Black Friday (2004)
9/10
Well worth seeing...and based on a true event
28 June 2017
Warning: Spoilers
This film begins with the famous Gandhi quote "An eye for an eye only ends up making the whole world blind".

In 1993, a series of 12 bombs went off during Ramadan all over Mumbai (Bombay) which killed 257 people (thought the film often says it's 300 plus). This film is about this event as well as the subsequent police investigation of it. It's all based on true events but is rather critical of the police, and as a result the film was banned in India for two years before the government eventually allowed its release.

The film begins with a man under arrest pleading for the police to believe him that a group was planning on burning the Mumbai Stock Exchange. Foolishly, the police just dismiss this and soon you see bombs detonating all over the city. All this occurs in the first few minutes of the film and what follows is a step by step documentary style investigation. How the police captured and interrogated suspects (and tortured them in some), how the mastermind of the bombings abandoned his minions and how the events are all in context, as this springs from previous attacks in which hundreds of Muslims were murdered--and this makes the quote from Gandhi at the beginning of the film quite appropriate.

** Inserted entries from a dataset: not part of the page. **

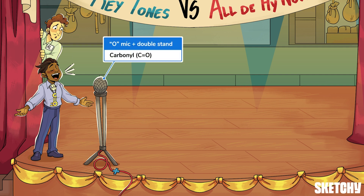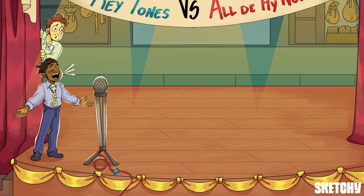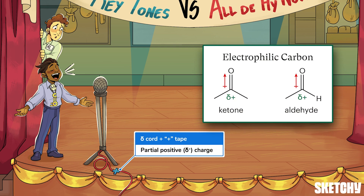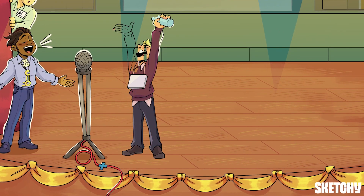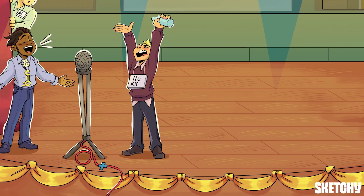Both ketones and aldehydes contain carbon-oxygen double bonds called carbonyls, kind of like this double-barreled microphone stand with an O-shaped microphone. Carbonyls are important because their carbons have large partial positive charges — shown by the cord and tape coming from the end opposite the O mic in the shape of a partial positive sign. That partial positive charge on a carbonyl carbon draws in nucleophiles.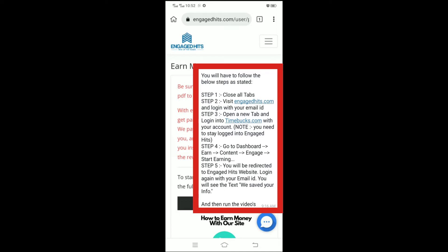Step 3: Open a new tab and log in into Timebox.com with your account. Note you need to stay logged into Engaged Hits.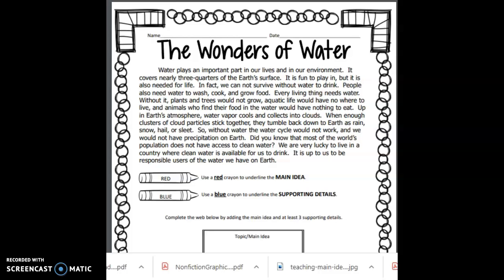Especially when it's something as short as this. Because this is such a simple paragraph, the main idea is supposed to be colored in red. But what we're going to do is think about what was this text mostly talking about — what was the topic? When I ask myself that, I'm going right back to the title: water, the wonders of water. I think about what the word wonder means — all of the magnificent things about it, what does it offer us. So when I see here, 'water plays an important part in our lives and in our environment,' to me that is a very important statement. If you notice, it's in the very first sentence, and that actually is the topic and main idea of this text.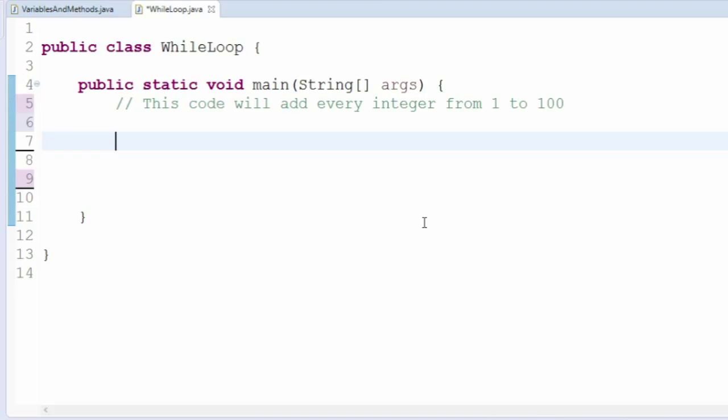Now that we know all the theory behind how to solve this problem, let's write some code that actually does it. First, we'll define and declare our counter and sum variables.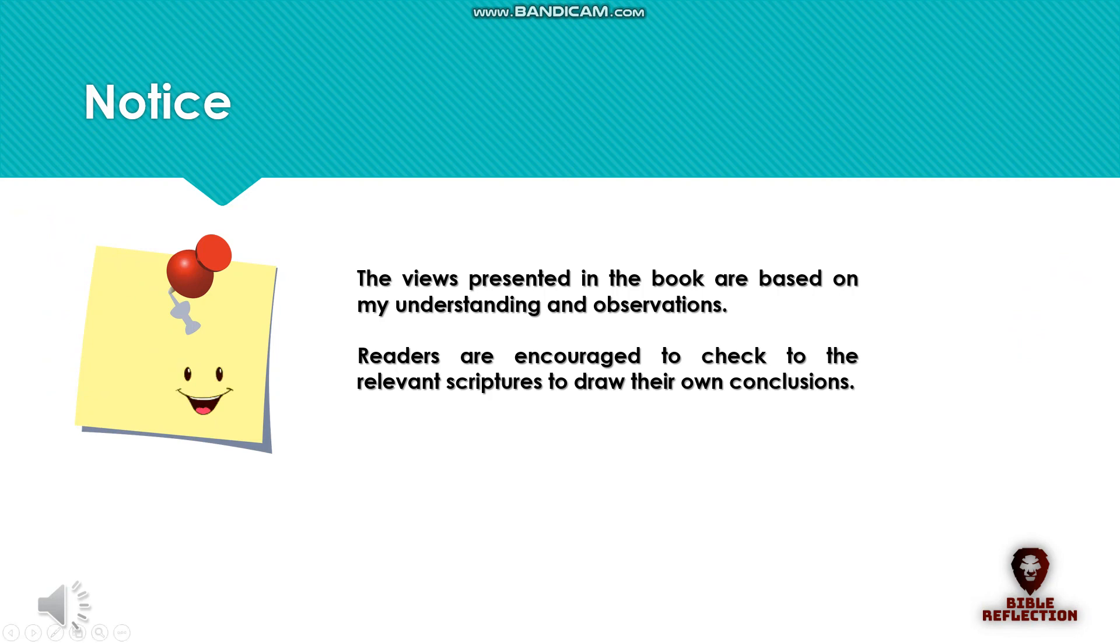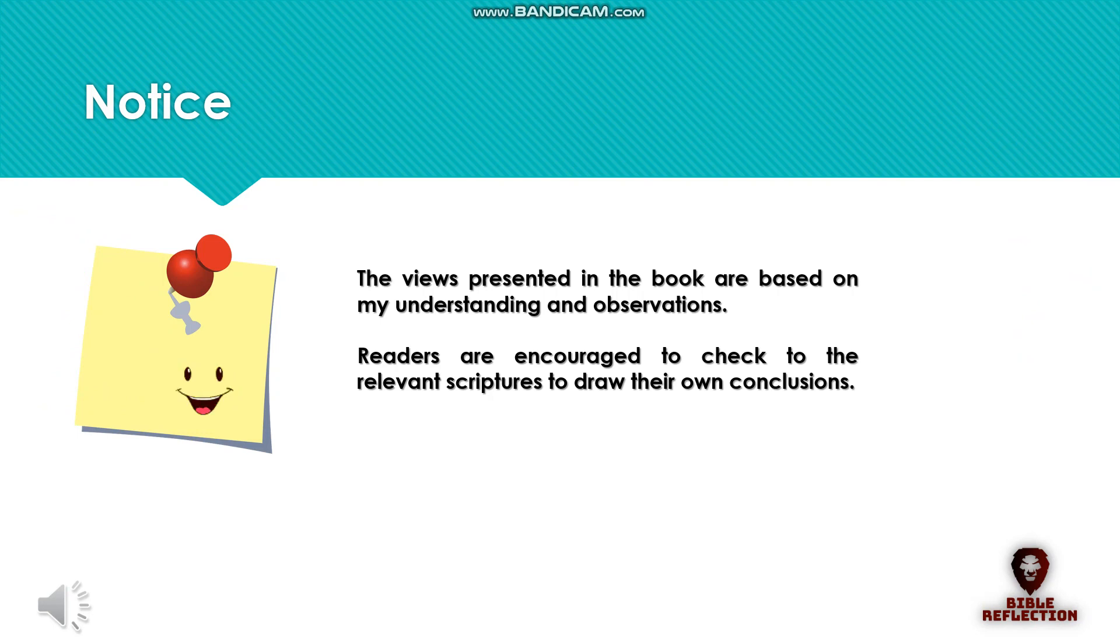The views presented in the book are based on my understanding and observations. Readers are encouraged to check the relevant scriptures to draw their own conclusions.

Overall, this is a very hard film to watch in places (such as the scene where the police use a hammer on one suspect's hand) but is also very well made and unflinching. And, unlike a typical Bollywood film, it lacks the song and dance numbers and just concentrates on telling the story.

By the way, I did some checking and as of today, one ringleader was arrested and sentenced to death (he was executed two years ago). Two main ringleaders are still being sought by the Indian government.